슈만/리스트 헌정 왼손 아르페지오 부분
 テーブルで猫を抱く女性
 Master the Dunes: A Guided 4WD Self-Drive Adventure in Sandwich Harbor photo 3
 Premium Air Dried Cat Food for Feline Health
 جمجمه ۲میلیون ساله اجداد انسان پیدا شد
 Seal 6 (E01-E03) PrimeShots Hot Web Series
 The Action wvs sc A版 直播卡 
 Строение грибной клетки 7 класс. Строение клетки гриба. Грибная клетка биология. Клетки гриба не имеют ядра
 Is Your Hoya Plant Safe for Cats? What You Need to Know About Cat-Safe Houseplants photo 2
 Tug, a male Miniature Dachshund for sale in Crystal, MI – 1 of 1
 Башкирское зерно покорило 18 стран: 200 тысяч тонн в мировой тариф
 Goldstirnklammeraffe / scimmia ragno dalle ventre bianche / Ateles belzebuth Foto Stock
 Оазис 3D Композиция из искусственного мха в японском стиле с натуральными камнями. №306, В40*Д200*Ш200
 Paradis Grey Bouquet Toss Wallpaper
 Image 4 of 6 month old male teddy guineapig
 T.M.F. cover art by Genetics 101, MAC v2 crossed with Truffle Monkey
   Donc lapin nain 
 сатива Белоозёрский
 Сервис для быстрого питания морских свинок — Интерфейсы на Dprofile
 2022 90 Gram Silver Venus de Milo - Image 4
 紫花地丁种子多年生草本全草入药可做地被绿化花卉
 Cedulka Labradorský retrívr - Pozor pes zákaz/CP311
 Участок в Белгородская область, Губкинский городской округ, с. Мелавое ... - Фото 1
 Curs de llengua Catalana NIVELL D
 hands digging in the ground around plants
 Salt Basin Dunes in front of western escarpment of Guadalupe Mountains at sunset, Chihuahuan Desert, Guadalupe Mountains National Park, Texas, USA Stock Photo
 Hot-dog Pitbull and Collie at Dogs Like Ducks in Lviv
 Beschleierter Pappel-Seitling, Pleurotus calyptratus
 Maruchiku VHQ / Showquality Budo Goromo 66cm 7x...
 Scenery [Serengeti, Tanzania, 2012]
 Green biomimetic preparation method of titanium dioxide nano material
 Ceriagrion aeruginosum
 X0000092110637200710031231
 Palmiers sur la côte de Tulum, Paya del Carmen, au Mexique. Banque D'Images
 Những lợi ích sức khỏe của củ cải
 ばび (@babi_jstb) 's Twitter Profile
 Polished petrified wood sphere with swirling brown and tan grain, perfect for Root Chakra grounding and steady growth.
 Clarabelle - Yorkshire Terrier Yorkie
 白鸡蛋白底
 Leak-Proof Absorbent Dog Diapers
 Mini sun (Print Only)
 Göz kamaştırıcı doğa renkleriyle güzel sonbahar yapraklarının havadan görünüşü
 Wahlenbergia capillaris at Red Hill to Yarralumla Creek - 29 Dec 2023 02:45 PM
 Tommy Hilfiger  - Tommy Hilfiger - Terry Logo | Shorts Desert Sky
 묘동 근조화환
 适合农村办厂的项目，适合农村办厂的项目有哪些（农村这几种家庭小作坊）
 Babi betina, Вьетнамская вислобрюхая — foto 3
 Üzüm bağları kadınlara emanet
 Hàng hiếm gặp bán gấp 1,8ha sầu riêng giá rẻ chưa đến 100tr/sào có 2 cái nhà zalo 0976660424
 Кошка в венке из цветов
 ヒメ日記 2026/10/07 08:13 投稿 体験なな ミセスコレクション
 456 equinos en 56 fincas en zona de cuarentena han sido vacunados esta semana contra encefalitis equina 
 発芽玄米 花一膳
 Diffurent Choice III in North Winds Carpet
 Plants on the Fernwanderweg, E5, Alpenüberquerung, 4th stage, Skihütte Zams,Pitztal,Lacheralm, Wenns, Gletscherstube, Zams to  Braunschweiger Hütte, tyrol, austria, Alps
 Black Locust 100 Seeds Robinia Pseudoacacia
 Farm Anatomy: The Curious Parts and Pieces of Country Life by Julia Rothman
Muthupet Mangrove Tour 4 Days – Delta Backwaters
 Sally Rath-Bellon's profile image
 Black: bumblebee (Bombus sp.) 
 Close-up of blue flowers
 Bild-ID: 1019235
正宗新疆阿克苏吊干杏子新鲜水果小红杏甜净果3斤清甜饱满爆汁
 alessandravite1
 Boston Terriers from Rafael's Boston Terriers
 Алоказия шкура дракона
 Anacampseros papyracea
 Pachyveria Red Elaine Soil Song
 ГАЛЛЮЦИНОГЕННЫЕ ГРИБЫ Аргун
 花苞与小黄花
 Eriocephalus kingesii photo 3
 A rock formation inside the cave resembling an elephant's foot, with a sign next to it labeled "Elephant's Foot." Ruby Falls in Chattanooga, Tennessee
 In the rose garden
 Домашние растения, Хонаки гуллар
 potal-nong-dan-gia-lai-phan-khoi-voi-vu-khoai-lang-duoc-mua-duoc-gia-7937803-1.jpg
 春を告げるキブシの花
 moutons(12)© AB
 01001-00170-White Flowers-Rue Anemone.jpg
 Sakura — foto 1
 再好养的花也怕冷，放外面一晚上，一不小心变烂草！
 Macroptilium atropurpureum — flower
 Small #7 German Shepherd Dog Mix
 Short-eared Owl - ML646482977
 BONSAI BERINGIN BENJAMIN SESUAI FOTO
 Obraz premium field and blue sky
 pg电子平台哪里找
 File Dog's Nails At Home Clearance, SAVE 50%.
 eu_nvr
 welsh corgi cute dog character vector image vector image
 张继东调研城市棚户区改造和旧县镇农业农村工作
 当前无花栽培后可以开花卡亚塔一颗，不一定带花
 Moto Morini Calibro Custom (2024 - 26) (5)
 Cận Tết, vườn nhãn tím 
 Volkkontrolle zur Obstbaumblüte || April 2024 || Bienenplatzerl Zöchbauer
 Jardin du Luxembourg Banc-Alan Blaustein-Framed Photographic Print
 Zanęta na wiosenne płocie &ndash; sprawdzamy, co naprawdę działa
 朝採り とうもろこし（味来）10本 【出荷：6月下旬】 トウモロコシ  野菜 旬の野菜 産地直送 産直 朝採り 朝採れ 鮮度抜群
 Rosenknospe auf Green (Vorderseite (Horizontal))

═══

[YOUR INSTRUCTIONS] With the line containing "当前无花栽培后可以开花卡亚塔一颗，不一定带花" as the start and the last line of the entries as the end, print that whole span exactly.

[SOLUTION TO THIS PROBLEM]
 当前无花栽培后可以开花卡亚塔一颗，不一定带花
 Moto Morini Calibro Custom (2024 - 26) (5)
 Cận Tết, vườn nhãn tím 
 Volkkontrolle zur Obstbaumblüte || April 2024 || Bienenplatzerl Zöchbauer
 Jardin du Luxembourg Banc-Alan Blaustein-Framed Photographic Print
 Zanęta na wiosenne płocie &ndash; sprawdzamy, co naprawdę działa
 朝採り とうもろこし（味来）10本 【出荷：6月下旬】 トウモロコシ  野菜 旬の野菜 産地直送 産直 朝採り 朝採れ 鮮度抜群
 Rosenknospe auf Green (Vorderseite (Horizontal))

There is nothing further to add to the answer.